Study material =>
>>>

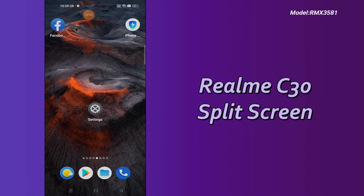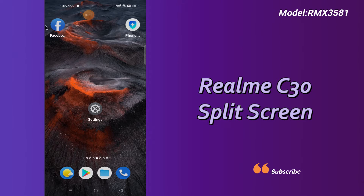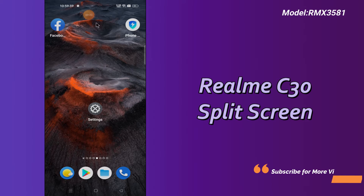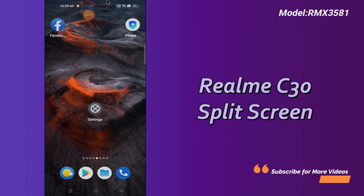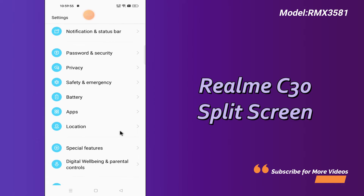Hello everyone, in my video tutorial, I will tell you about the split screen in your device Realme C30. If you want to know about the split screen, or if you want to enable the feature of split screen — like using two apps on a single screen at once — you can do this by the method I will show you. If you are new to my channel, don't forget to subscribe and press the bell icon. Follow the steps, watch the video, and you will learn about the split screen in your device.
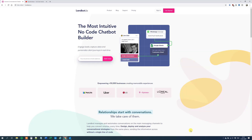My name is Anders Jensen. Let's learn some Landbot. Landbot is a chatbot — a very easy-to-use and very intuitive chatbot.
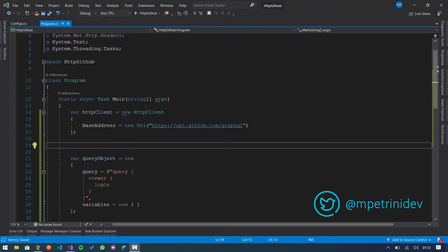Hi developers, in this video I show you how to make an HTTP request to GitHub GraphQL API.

<<<
>>>

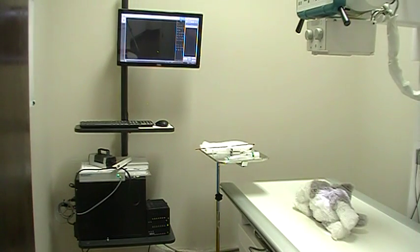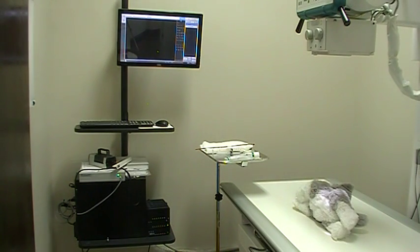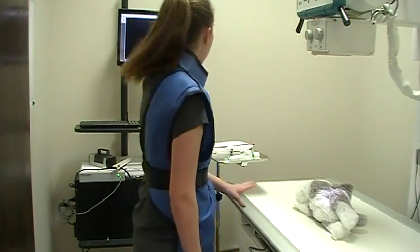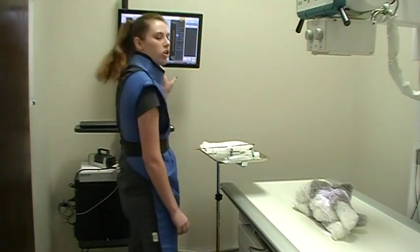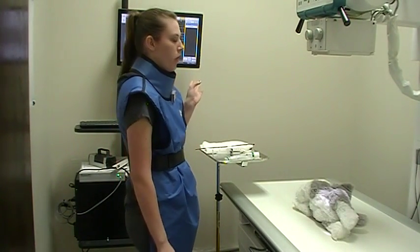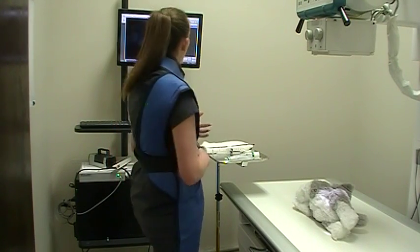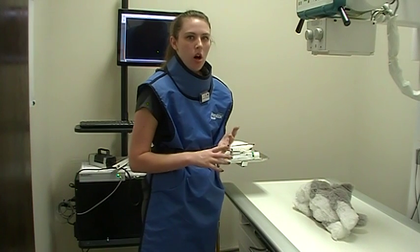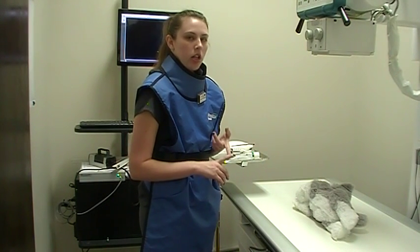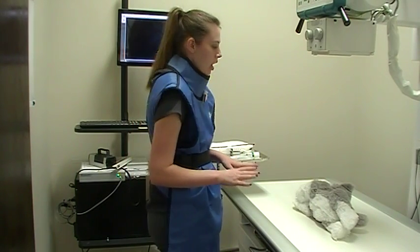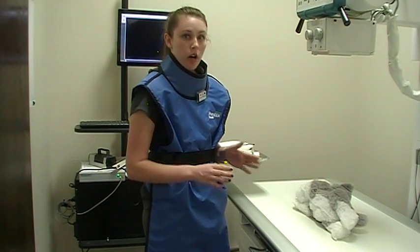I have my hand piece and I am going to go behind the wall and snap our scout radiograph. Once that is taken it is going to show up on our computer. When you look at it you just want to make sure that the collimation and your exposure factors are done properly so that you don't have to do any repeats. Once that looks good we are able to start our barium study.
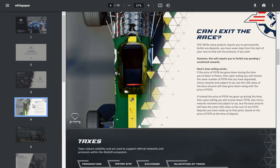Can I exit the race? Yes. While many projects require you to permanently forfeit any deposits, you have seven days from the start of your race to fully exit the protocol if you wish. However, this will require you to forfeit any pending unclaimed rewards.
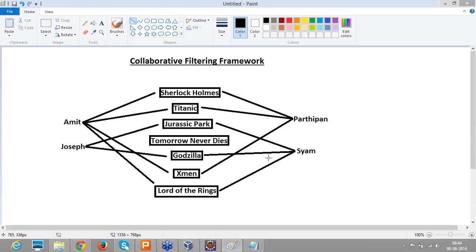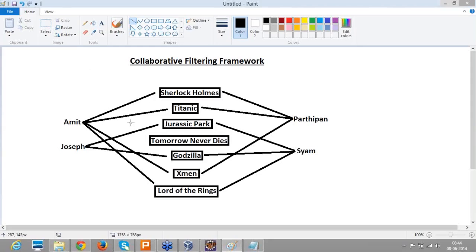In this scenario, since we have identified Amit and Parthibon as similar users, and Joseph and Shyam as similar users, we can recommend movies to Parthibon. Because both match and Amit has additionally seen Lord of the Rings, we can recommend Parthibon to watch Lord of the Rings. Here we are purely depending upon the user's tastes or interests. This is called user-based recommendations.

<<<

Excerpt from the records above: set down only the lines from the one that contains "Hello everyone, in" through the one that contains "Hi developers, in", inclusive, word for word. Pictures stay out.

Hello everyone, in my video tutorial, I will tell you about the split screen in your device Realme C30. If you want to know about the split screen, or if you want to enable the feature of split screen — like using two apps on a single screen at once — you can do this by the method I will show you. If you are new to my channel, don't forget to subscribe and press the bell icon. Follow the steps, watch the video, and you will learn about the split screen in your device.
My name is Anders Jensen. Let's learn some Landbot. Landbot is a chatbot — a very easy-to-use and very intuitive chatbot.
Hi developers, in this video I show you how to make an HTTP request to GitHub GraphQL API.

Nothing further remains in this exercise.